X-ray specs for transformers: peeking inside layer by layer
A tuned lens lets you skip ahead in a transformer and see what it's thinking before it's done thinking.

What it does
Tuned Lens trains small affine “translators” that sit between intermediate layers of a transformer and its output. Each translator learns to predict the final token distribution from a hidden state much earlier in the network, accounting for how representations get rotated, shifted, or stretched layer-to-layer. The result: you can eavesdrop on a model’s latent predictions at any depth, not just the end.
The interesting bit
This isn’t the logit lens, which naively unembeds raw hidden states. The tuned lens actually learns the distortion between layers, so its intermediate predictions are calibrated to match the full model’s output distribution.

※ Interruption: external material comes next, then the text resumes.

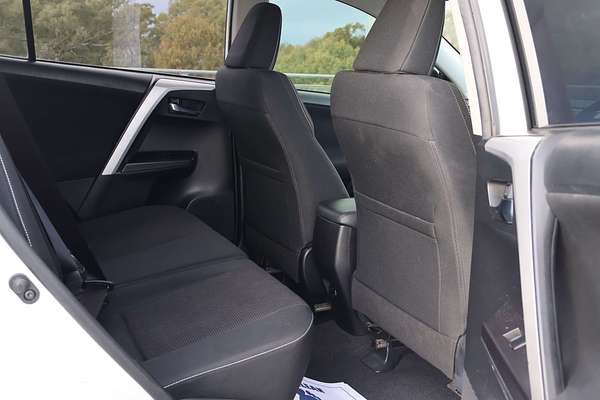 2016 Toyota RAV4 GXL (2WD) ZSA42R MY16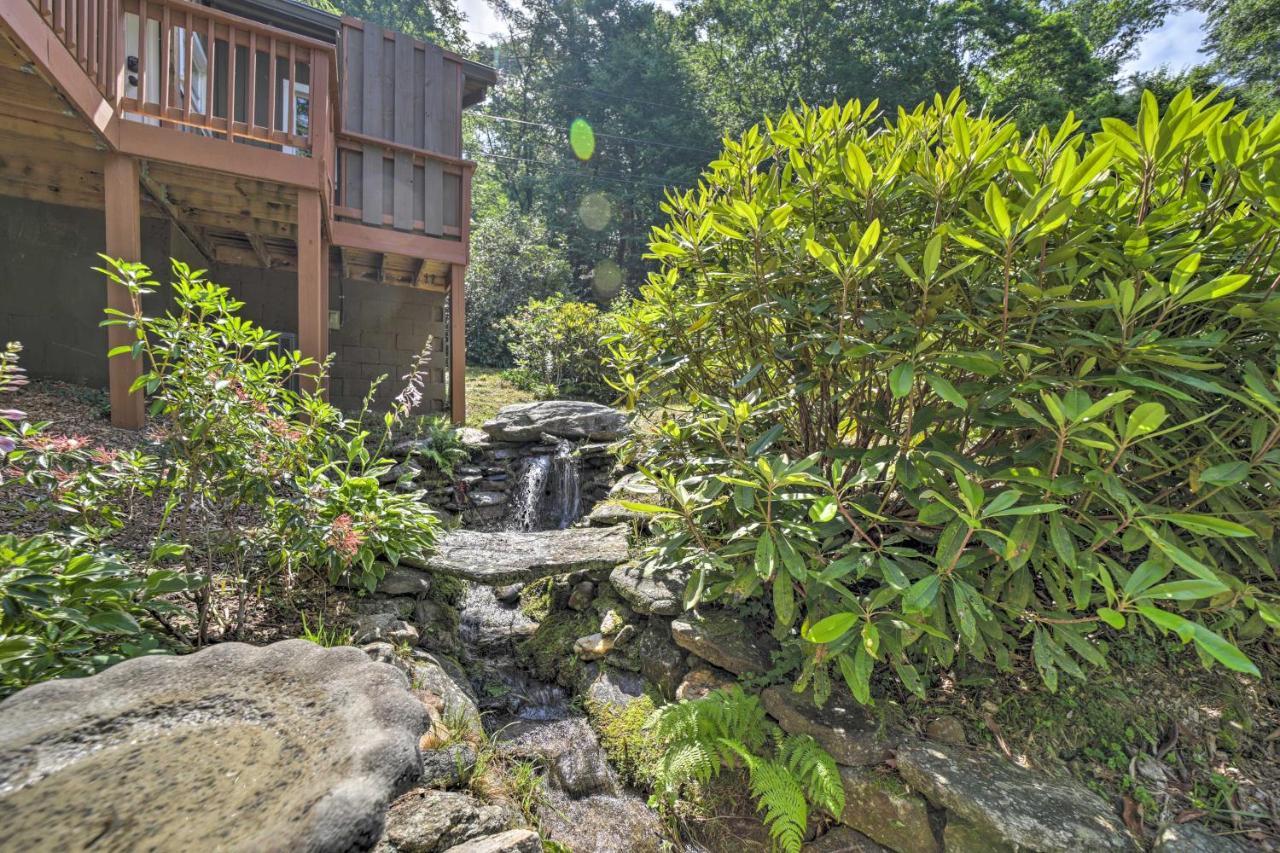 Tranquil Highlands Cottage With Fire Pit And Stream! Exterior photo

It’s interpretability with a training budget.
Key highlights
- Replaces the last m layers with a learned affine transform trained to minimize KL divergence from the true output
- Exposes what the model “knows” at layer n − m before computation finishes
- Ships with a Colab notebook and Hugging Face Space for poking around interactively
- Docker container provided for running training scripts reproducibly
- Python 3.9+, PyTorch 1.13.0+; installable via
pip install tuned-lens
Caveats
- Pre-1.0; the authors warn the public interface changes “regularly and without major version bumps”
- The paper is listed as “to appear” in the citation block, so peer-reviewed details aren’t yet available
Verdict
Worth a look if you’re doing mechanistic interpretability or debugging where transformers commit to predictions. Skip it if you need stable APIs for production work — this is research tooling with sharp edges.